Au reste, ces odeurs de trafic d’influence, d’octroi d’aide financière de l’État moyennant un financement politique ; le retour étrange, dans les circonstances, de Jean Charest sur la scène publique, le temps d’un discours à l’Université McGill sur « les façons de rétablir la confiance dans les institutions publiques canadiennes » : tout cela a donné l’impression, lundi, d’un stupéfiant retour en arrière. Vers ces années 2009 à 2012 où le gouvernement Charest, revenu en force majoritaire en 2008 après la parenthèse minoritaire, semblait craquer de partout et pourrir par la tête. Faute, à l’évidence, d’avoir traversé un bon purgatoire, période difficile mais saine pour un parti car faite de remises en question, de bilans lucides, de renouvellement de personnel et des idées.
Le PLQ, depuis, a eu beau changer de chef, modifier certaines de ses méthodes de financement (pour respecter les nouvelles lois, entre autres adoptées par l’éphémère gouvernement de Pauline Marois), il n’a à peu près pas renouvelé son personnel, ses idées et ses réseaux. Et au non-purgatoire de 2007, a suivi un autre non-purgatoire, celui de 2012-2014.

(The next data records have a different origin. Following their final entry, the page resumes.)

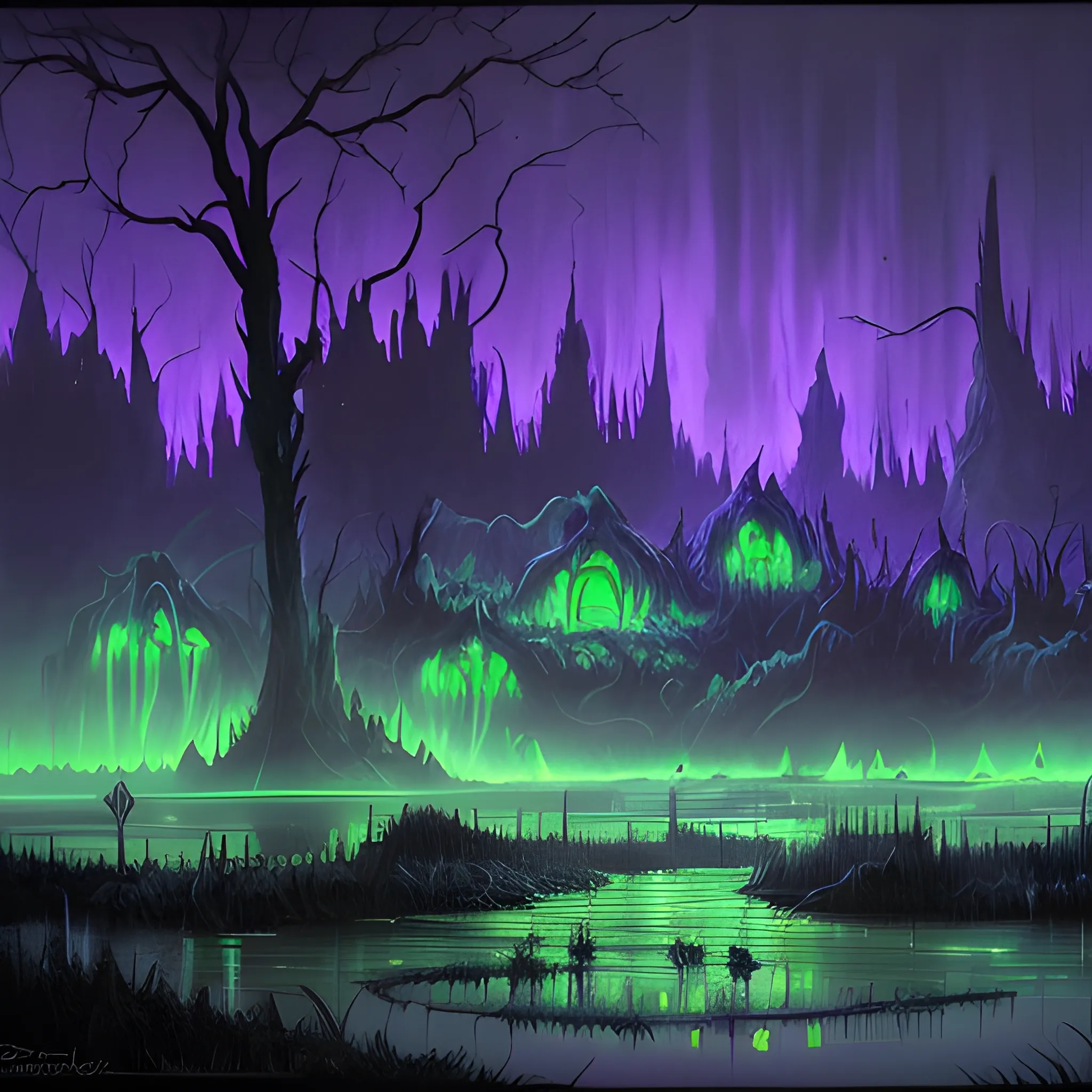 concept art painting of a fantasy dark swamp landscape at night, with glowing green lights, glowing blue ghost, dark purple sky, realistic, detailed, cel shaded, in the style of salvador dali

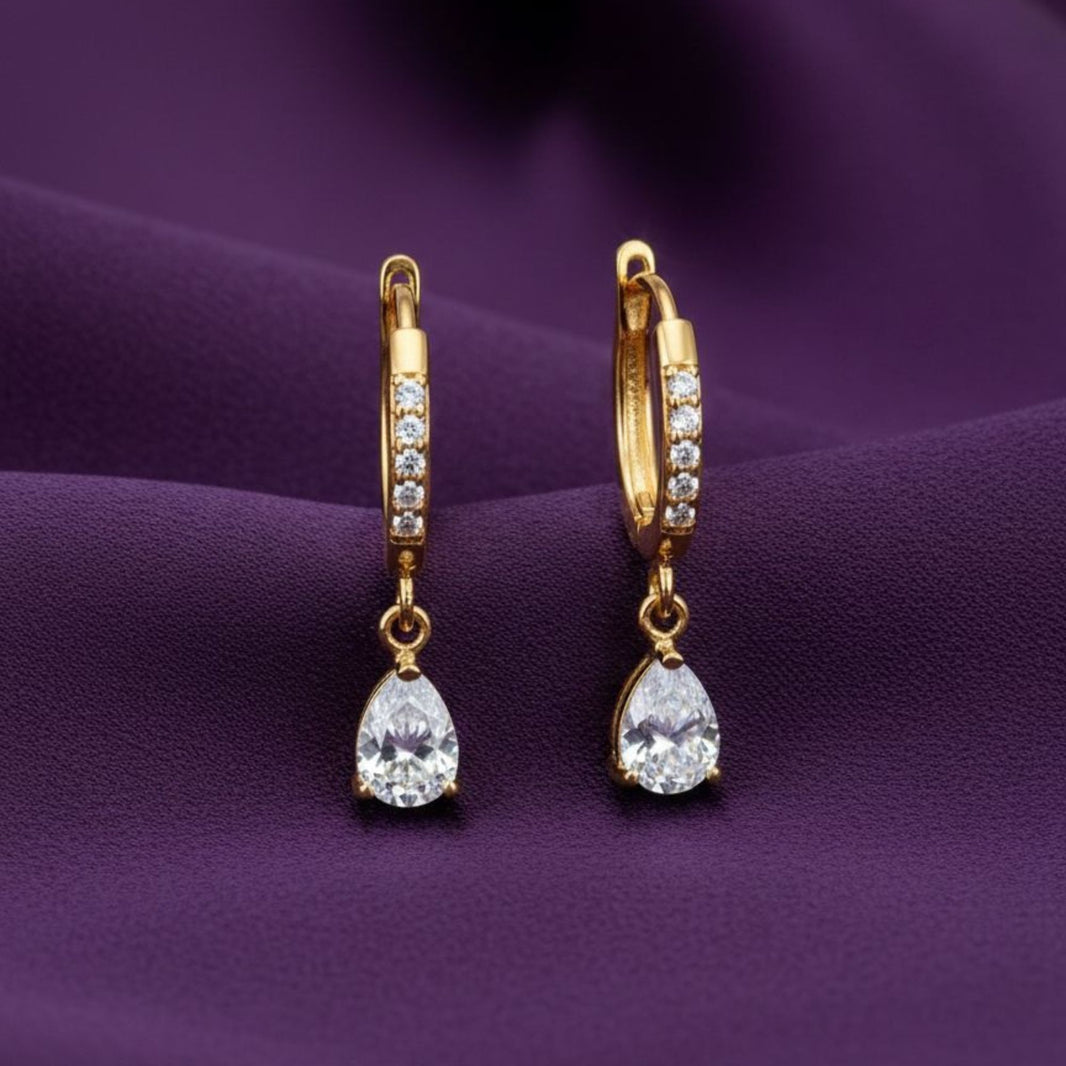 18K Gold Plated Zircon Drop Hoop Earrings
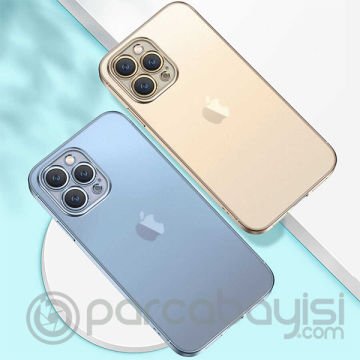 iPhone 13 Pro Max Renkli Kenar Şeffaf Kılıf Kamera Korumalı Silikon Kılıf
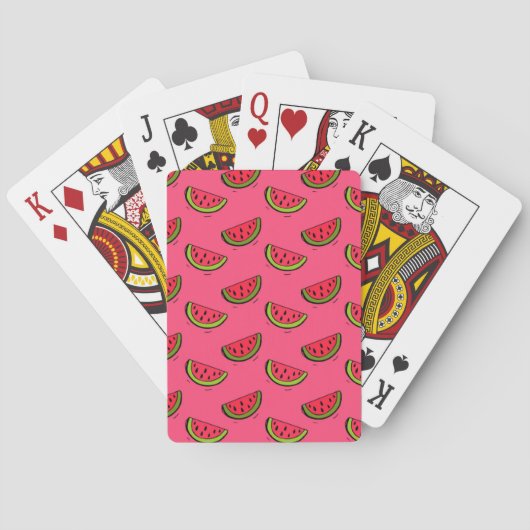 Jeu De Cartes Pastèque d'été sur le motif rose (dos)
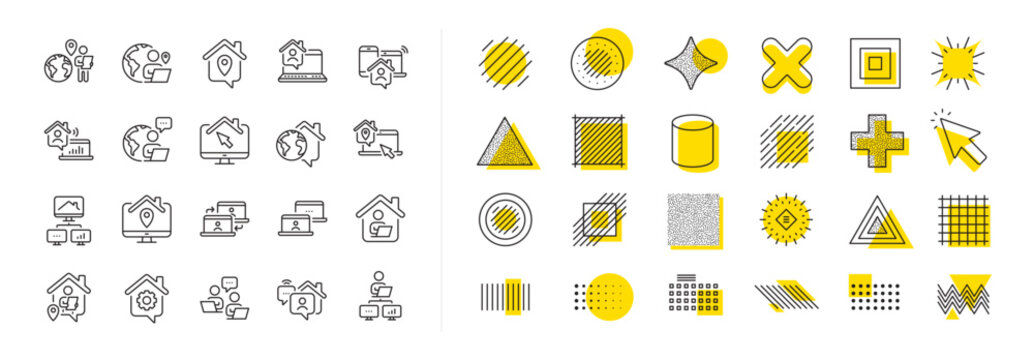 Remote worker, Freelance job, Office employee. Design shape elements. Work at home line icons. Stay at home, internet work, remote teamwork line icons. Vector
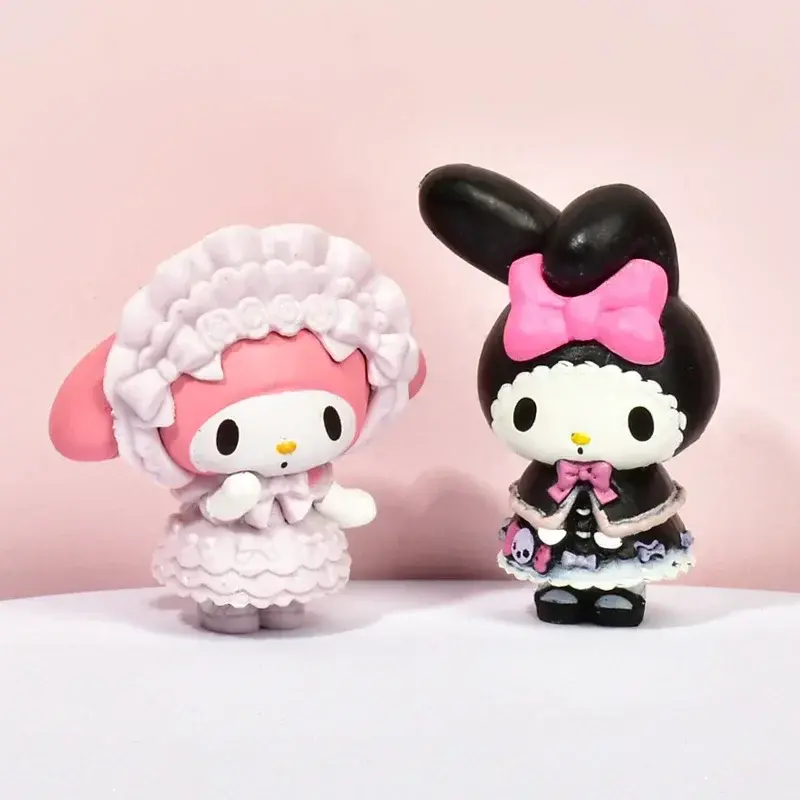 5Pcs Set Sanrio Anime Figure Doll 3-4cm Kawaii Kuromi Melody Model Accessories Children's Toys Gift Action Figures Hobbies Gifts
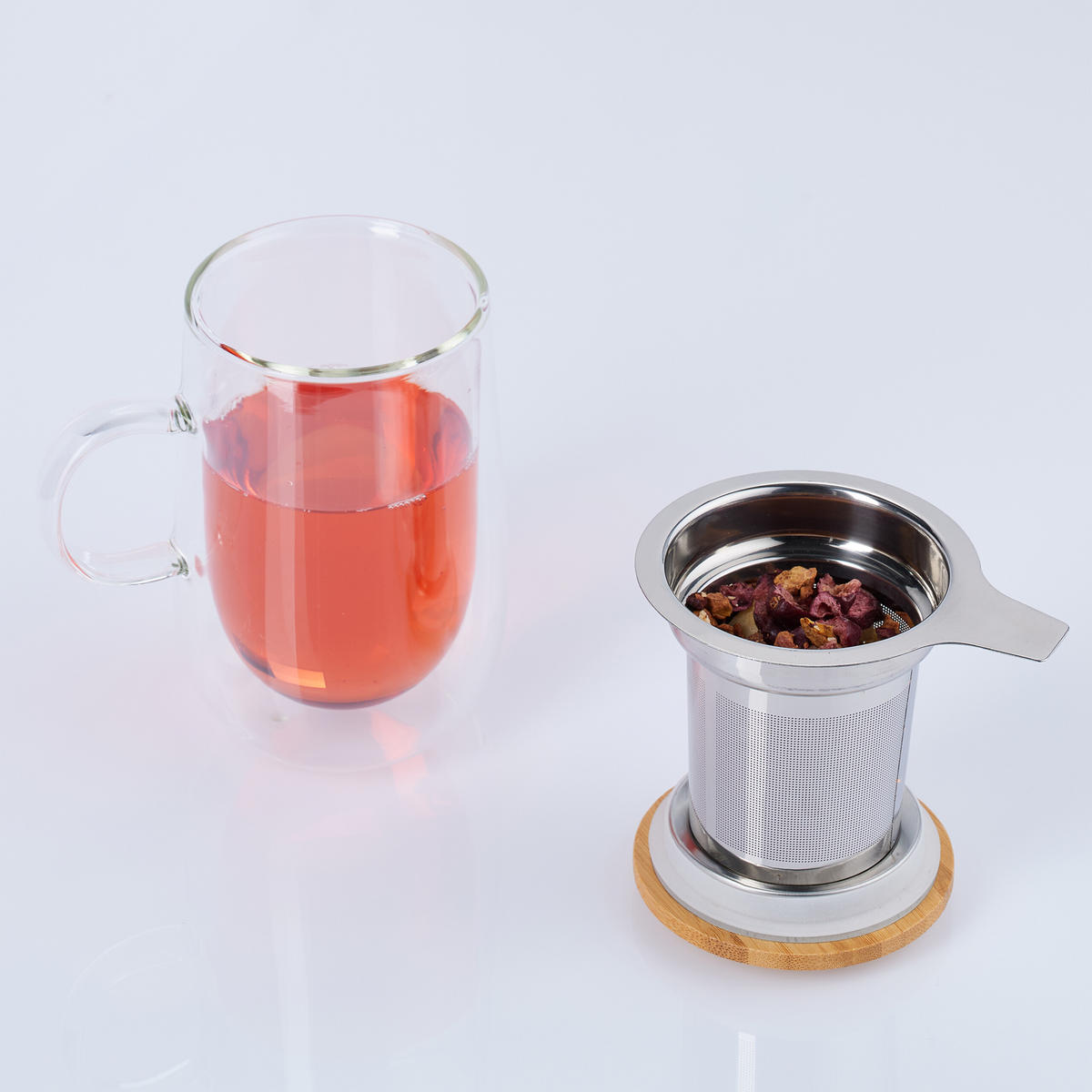 TEEGLAS - Multicolor, Glas/Holz (0.43L) - Relaxdays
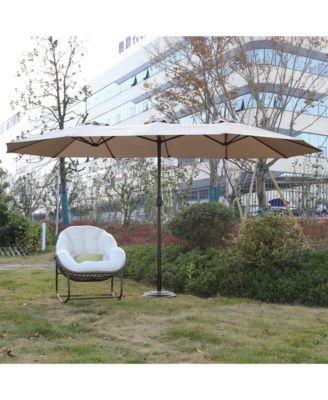 14.8Ft Double Sided Outdoor Umbrella Rectangular Large with Crank, No Base
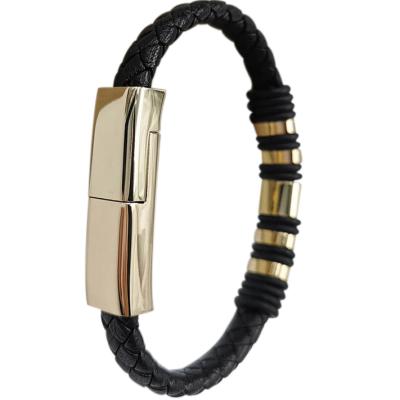 China Men And Women Usb Wristband Charger Leather Braided Wristband Usb Charging Cable For Iphone for sale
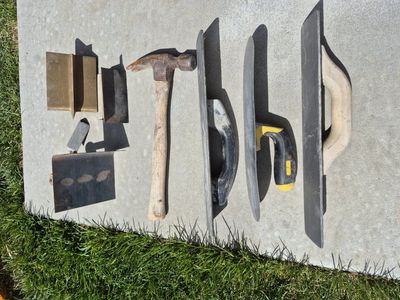 Assorted concrete hand tools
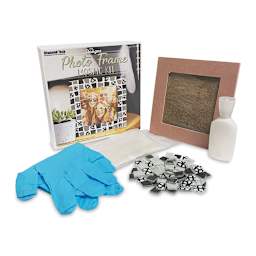 DIY Designs Photo Frame Mosaic Kit - Black/White, 6" x 6", Kit Contents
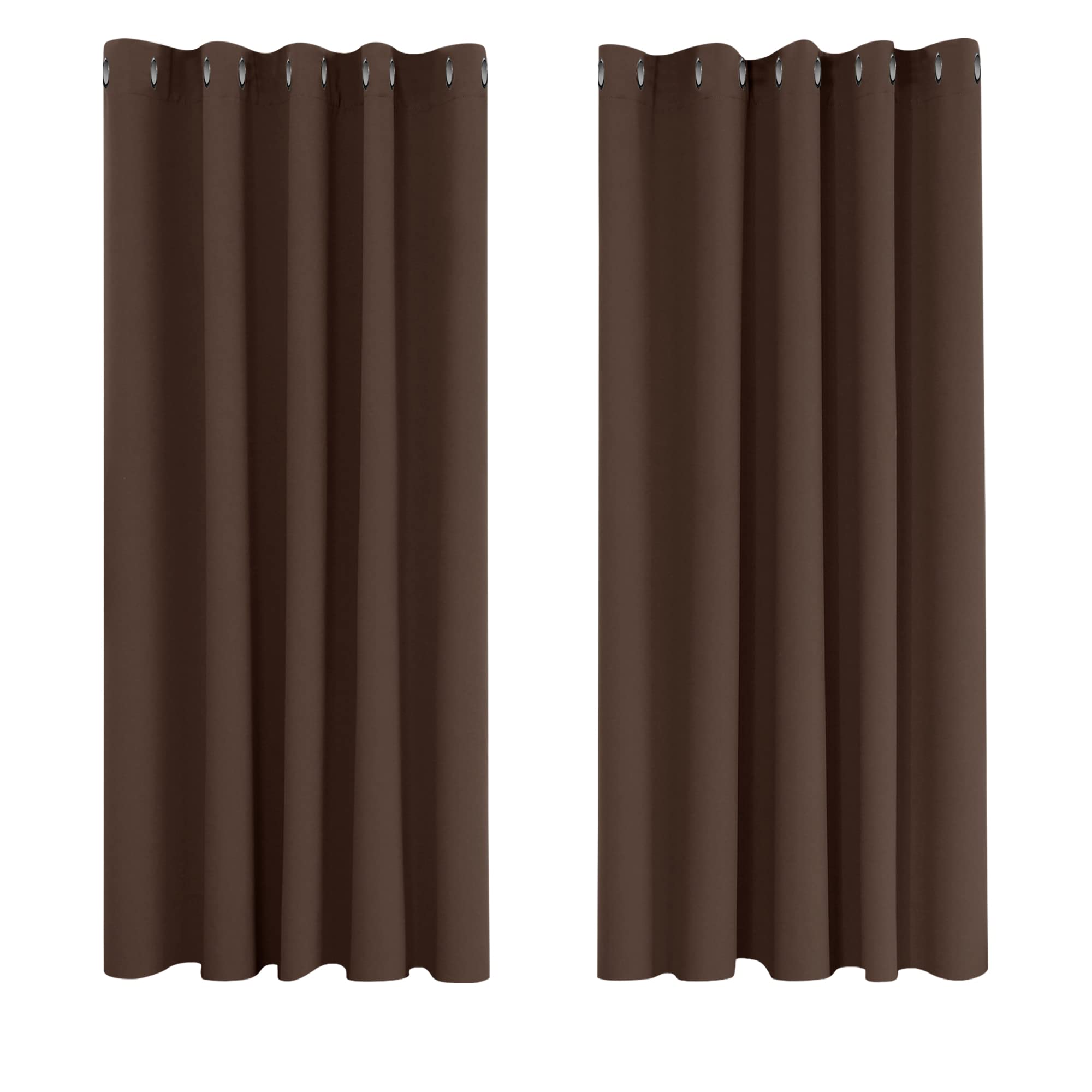 Deconovo Dark Mocha Curtains Mocha Super Soft Thermal Insulated Eyelet Blackout Curtains Bedroom 66 X 54 Inch Drop 2 Panels
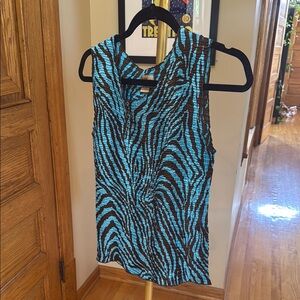 Blue and Brown Sleeveless Top Vintage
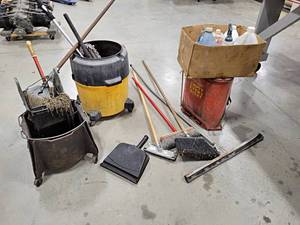 lot 753 image: Large Lot of Cleaning Supplies - Mop, Broom, Cleaning Chemicals, Mop Bucket, Flip Lid Can and More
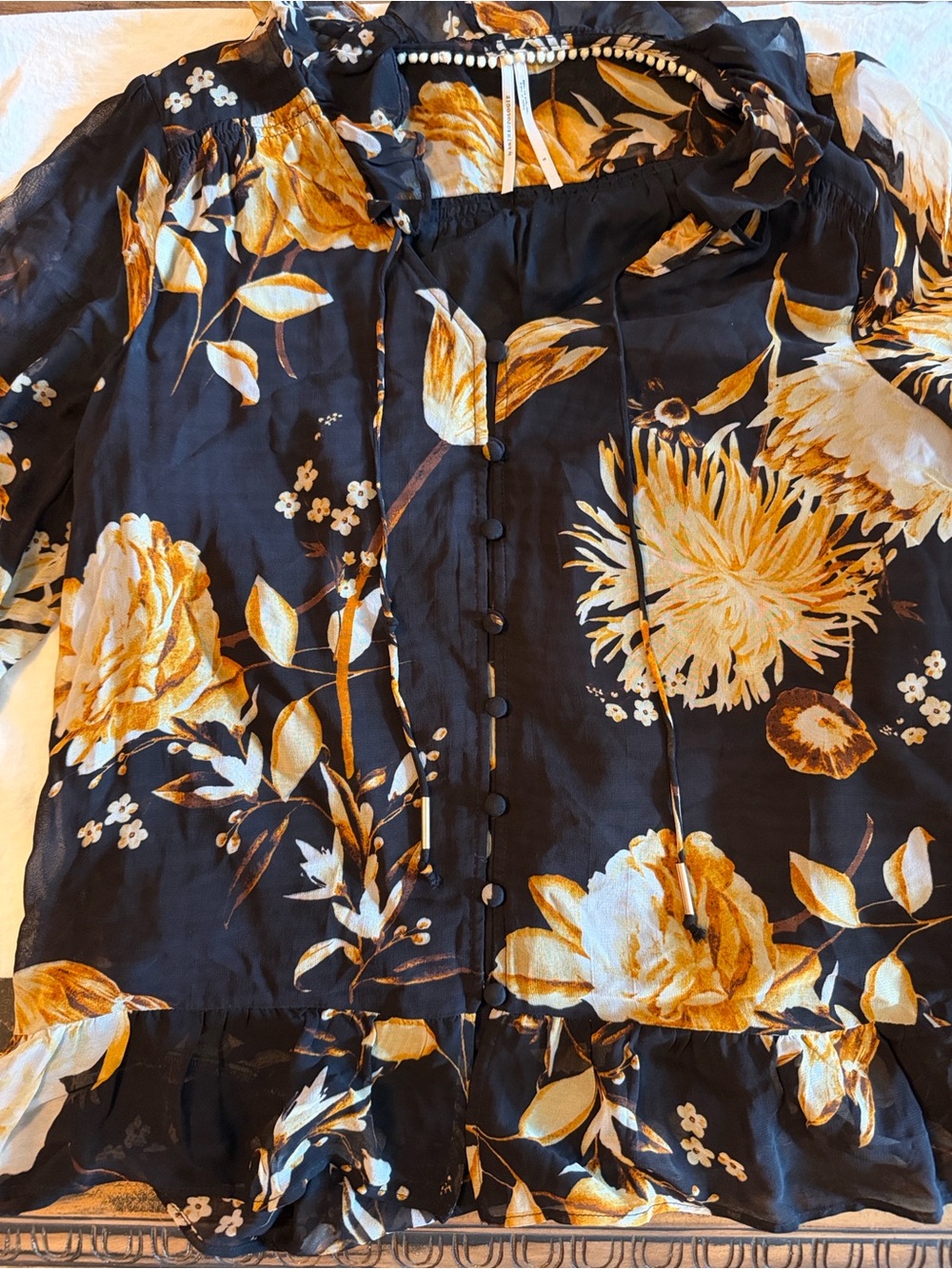 Anthropologie Floral Button Front Blouse Size Small Black Gold Sheer Boho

D’où l’impression, alors que nous approchons le deuxième anniversaire de l’élection du 7 avril, d’avoir, à la tête de l’État, un gouvernement issu d’un parti décrépit et fatigué, ne sachant trop où aller. Qui laisse par exemple un ministre faisant face à de sérieuses allégations et par surcroît faisant l’objet d’une enquête du Commissaire à l’éthique, se pousser dans le décor de Miami Vice. Avec son salaire ministériel ! Dans le passé, des libéraux objets de soupçons similaires, Jean D’Amours et Tony Tomassi principalement, avaient dû se retirer du caucus.